◆ Exercise prompt: Your answer must be an exact copy of the entries, containing no images.

-- Information supplied follows --

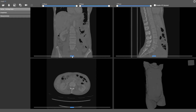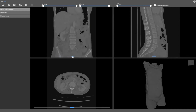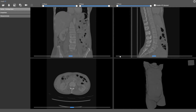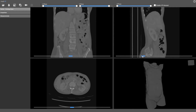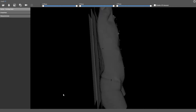So in a nutshell, what MedVR is — it's a software tool that converts traditional two-dimensional DICOM images into a virtual reality image that we can visualize using virtual reality goggles.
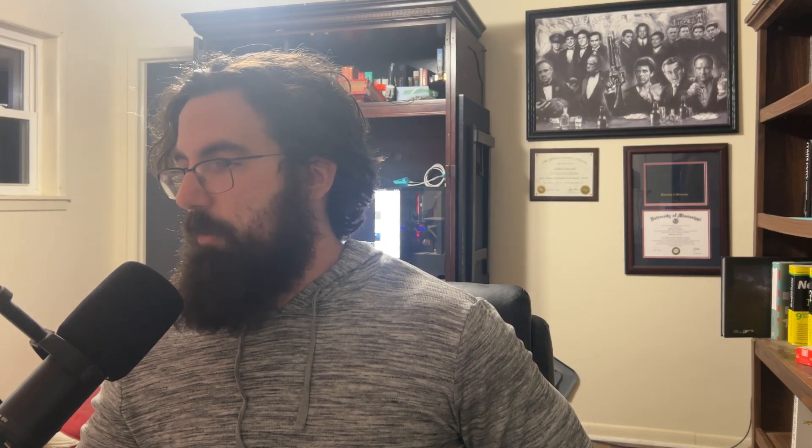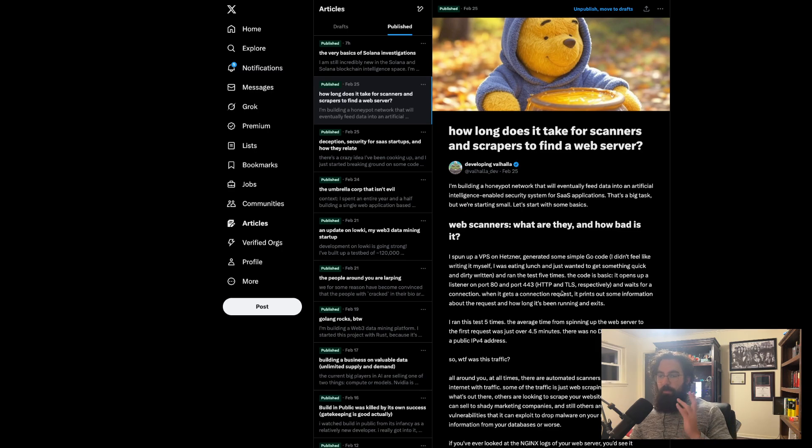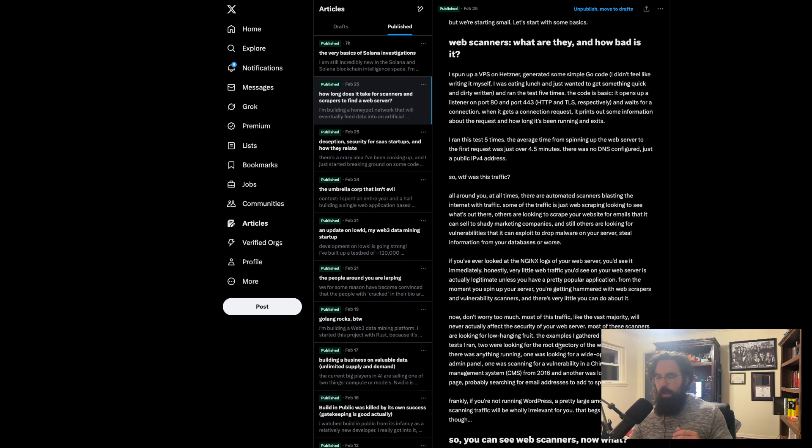This stuff can be pretty bad, but it's typically not incredibly advanced, which you'll kind of see in a second. One of the scanners that hit my web server was just looking for a very dead simple vulnerability in a CMS service used by Chinese folks on WordPress. I was looking for how long it takes for one of these web crawlers or vulnerability scanners to hit a web server that has just gone up. I plopped this code on a Hetzner $5 VPS. I wrote an article about the results on Twitter, which I'll link below.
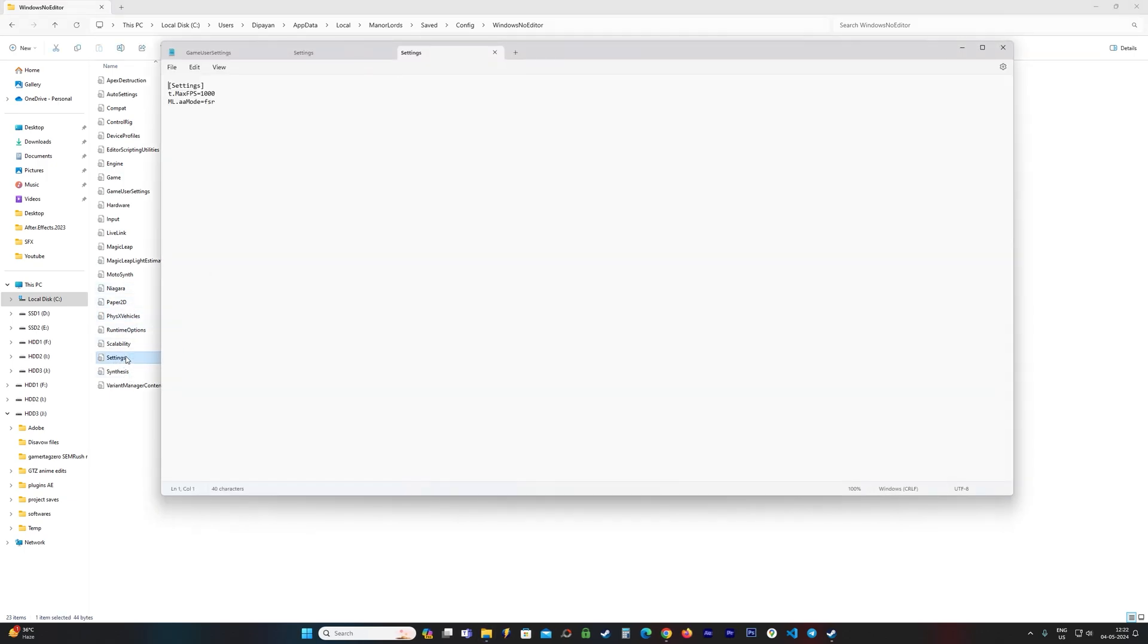As per the reports, the thing causing the crash mainly is that FSR is on by default for Manor Lords. Once we delete this line or this setting, Manor Lords should be able to run just fine.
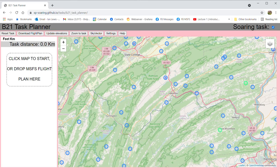Here's an example of creating a task in a Microsoft flight plan using the updated B21 task planner. It's a web-based task planner — the link is in the comments below.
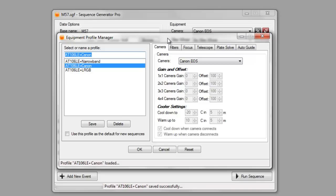So, I hope this video helps to clear up how to use profiles, the different ways to use and manage your profiles. And if you have any questions, please drop by MainSequenceSoftware.com or visit us on our Yahoo group, which is MainSequence Software. So, thanks again.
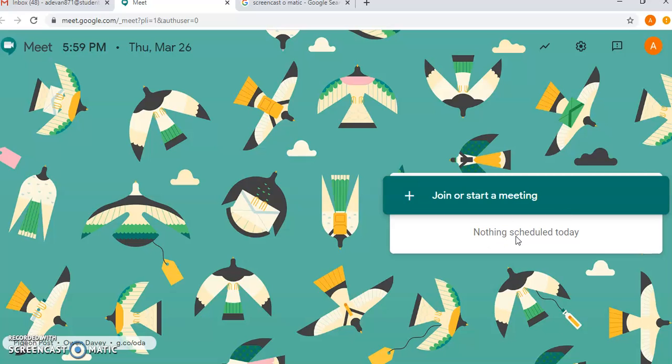It will log you in and then you can see us and hear us and join in our discussion for learning. So this is what it's going to look like and that's how you get to it.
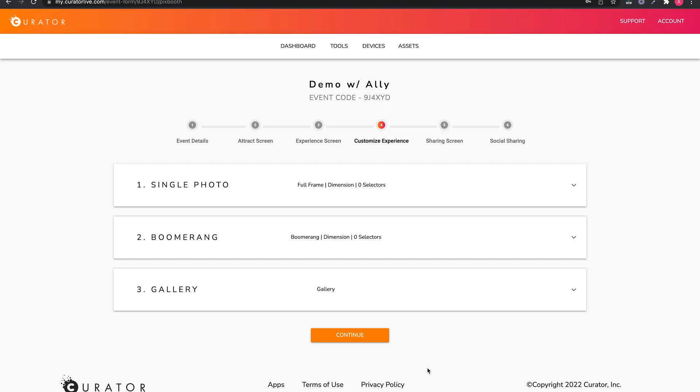Welcome to page 4 of the Curator Live video demo series. On this page, you will notice experience blocks that are based on your experience selections from page 3.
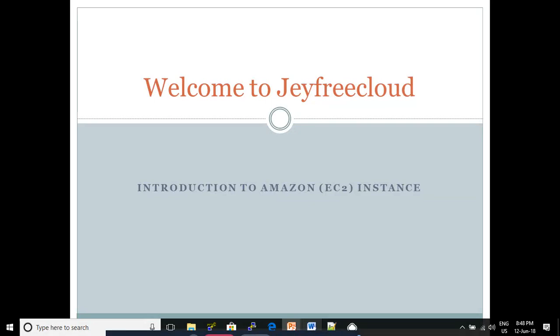Welcome to jQuery Cloud. Today's session is Introduction to Amazon EC2 Instance.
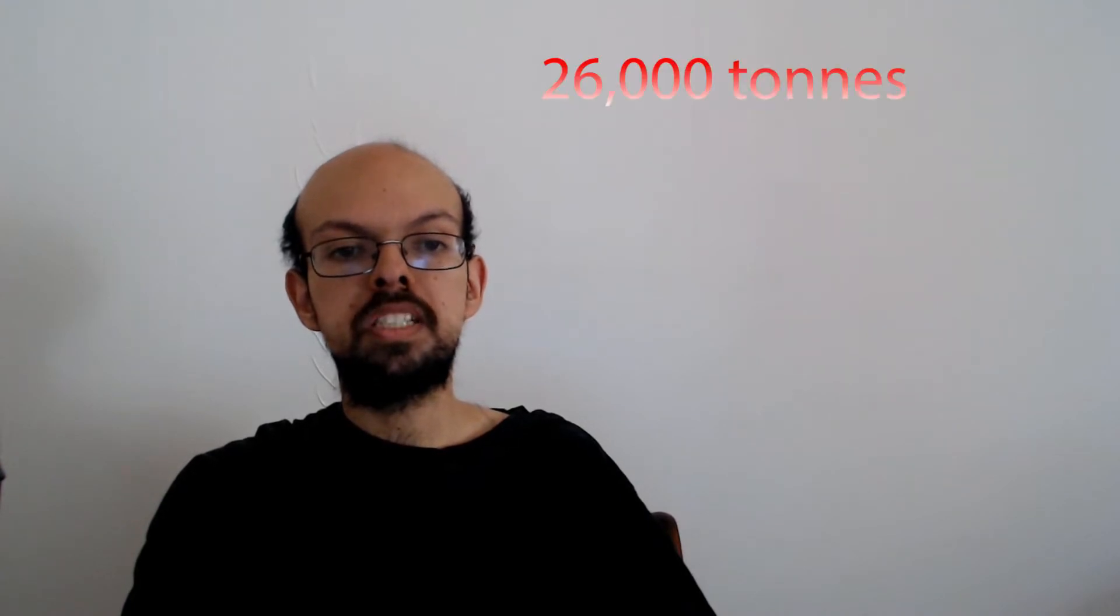A team of officials from Russia, Ukraine, Turkey and the UN inspected the Rizoni's cargo of 26,000 tons of corn and its crew. The UN said the ship was free to leave for Lebanon on Wednesday.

-- Information supplied concluded --

◆ Exercise output:
So in a nutshell, what MedVR is — it's a software tool that converts traditional two-dimensional DICOM images into a virtual reality image that we can visualize using virtual reality goggles.
This stuff can be pretty bad, but it's typically not incredibly advanced, which you'll kind of see in a second. One of the scanners that hit my web server was just looking for a very dead simple vulnerability in a CMS service used by Chinese folks on WordPress. I was looking for how long it takes for one of these web crawlers or vulnerability scanners to hit a web server that has just gone up. I plopped this code on a Hetzner $5 VPS. I wrote an article about the results on Twitter, which I'll link below.
As per the reports, the thing causing the crash mainly is that FSR is on by default for Manor Lords. Once we delete this line or this setting, Manor Lords should be able to run just fine.
Here's an example of creating a task in a Microsoft flight plan using the updated B21 task planner. It's a web-based task planner — the link is in the comments below.
So, I hope this video helps to clear up how to use profiles, the different ways to use and manage your profiles. And if you have any questions, please drop by MainSequenceSoftware.com or visit us on our Yahoo group, which is MainSequence Software. So, thanks again.
It will log you in and then you can see us and hear us and join in our discussion for learning. So this is what it's going to look like and that's how you get to it.
Welcome to page 4 of the Curator Live video demo series. On this page, you will notice experience blocks that are based on your experience selections from page 3.
Welcome to jQuery Cloud. Today's session is Introduction to Amazon EC2 Instance.
A team of officials from Russia, Ukraine, Turkey and the UN inspected the Rizoni's cargo of 26,000 tons of corn and its crew. The UN said the ship was free to leave for Lebanon on Wednesday.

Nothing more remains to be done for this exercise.